Code, benchmarks, and trained models for the paper "Learned Control Layers for Combinatorial Local Search."
We propose a control-layer architecture for Dynamic Algorithm Configuration (DAC): an external RL controller adjusts solver parameters at runtime through a standardized checkpoint interface. The same PPO training pipeline is validated on two solver families without modification beyond domain-specific state--action definitions.
| Comparison | PPO Mean Cost | Baseline Mean Cost | Improvement | Wilcoxon p |
|---|---|---|---|---|
| PPO vs Random | 372.1 | 459.6 | -19.0% | 2.4 x 10^-5 |
| PPO vs Best Static | 372.1 | 415.1 | -10.4% | 0.0069 |
| PPO vs BO Static (v500) | -- | -- | 7/10 wins | 0.037 |
Scale-dependent crossover: BO static wins at small scale, PPO overtakes at 500 variables.
PPO achieves the lowest mean unsatisfied clause count among all tested configurations, with statistically significant improvements over suboptimal baselines (Wilcoxon p < 0.01).
- Exploration parameter dominance:
noise_probaccounts for nearly all DAC benefit in both domains - Scale-dependent value of dynamic control: learned policies improve relative to static tuning as instance size grows
The checkpoint protocol decouples parameter scheduling from solver implementation:
- Solver pauses every N flips
- Reports search state features to the controller
- Receives updated parameter values
- Resumes with new parameters
Any solver exposing this interface can be governed by the same RL pipeline.
maxsat-dac/
├── src/
│ ├── train_domain.py # PPO training script
│ ├── eval_domain.py # Evaluation with statistical tests
│ └── domains/sat/
│ ├── solver.py # WalkSAT solver with checkpoint protocol
│ ├── gym_env.py # Gymnasium DAC environment (8 features, 2 actions)
│ ├── baselines.py # 5 static baseline configurations
│ └── generate_instances.py # Phase-transition 3-SAT instance generator
├── data/
│ ├── benchmarks/sat/ # 90 CNF instances (v50/v100/v200) + split.json
│ └── results/ # Trained models and evaluation results (both domains)
├── archive/ # Original MaxSAT-only code (see archive/README.md)

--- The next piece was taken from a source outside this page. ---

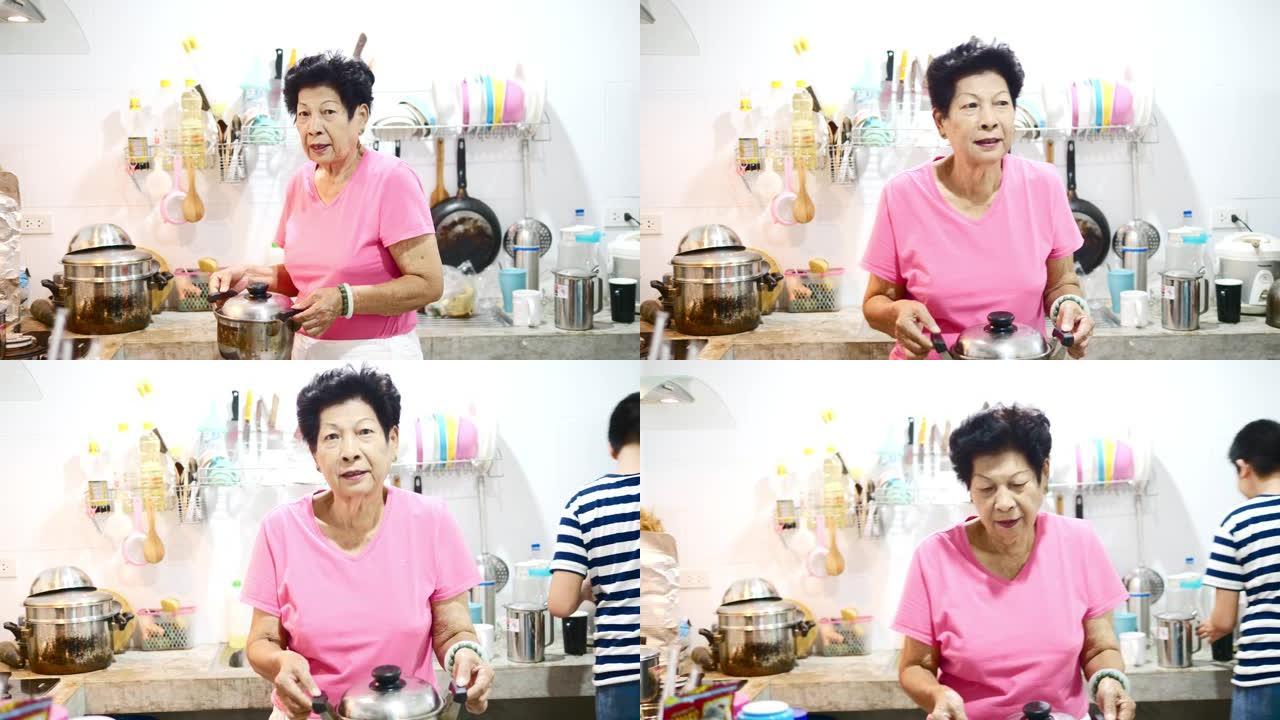 亚洲高级烹饪和她的孙子一起在厨房里洗衣服，生活方式理念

├── configs/sat.json # SAT domain configuration reference
├── requirements.txt
└── REPRODUCE.md # Step-by-step reproduction guide
MaxSAT code is in archive/ (NuWLS C++ solver wrapper, Gymnasium env, all experiment scripts). MaxSAT results are in data/results/ (JSON files + trained PPO models in ppo_csolver_500k/).
SAT code is the active codebase in src/domains/sat/ (pure Python WalkSAT). SAT results are in data/results/sat_*/.
# Install dependencies
pip install -r requirements.txt
# Generate benchmark instances (or use the included 90 instances)
python src/domains/sat/generate_instances.py
# Train PPO controller (3 seeds as in the paper)
python src/train_domain.py --domain sat --timesteps 200000 --seed 42
python src/train_domain.py --domain sat --timesteps 200000 --seed 123
python src/train_domain.py --domain sat --timesteps 200000 --seed 999
# Evaluate against baselines
python src/eval_domain.py --domain sat --model data/results/sat_ppo_*/best_model/best_model.zipNo external solver compilation is needed for SAT -- the WalkSAT solver is pure Python.
For MaxSAT reproduction, see archive/ and the original training script archive/train_500k.py (requires NuWLS C++ compilation).
See REPRODUCE.md for detailed SAT reproduction instructions.
- Python 3.10+
- SAT domain: no C/C++ compiler needed (pure Python solver), ~1 hour training
- MaxSAT domain (archive): g++ or MSVC for NuWLS compilation, ~4 hours training
Learned Control Layers for Combinatorial Local Search Alex Chengyu Li, 2026
Submitted to the Journal of Heuristics (Springer).
@article{li2026controllayers,
author = {Li, Alex Chengyu},
title = {Learned Control Layers for Combinatorial Local Search},
journal = {Journal of Heuristics},
year = {2026},
note = {Under review}
}This project is licensed under the MIT License. See LICENSE for details.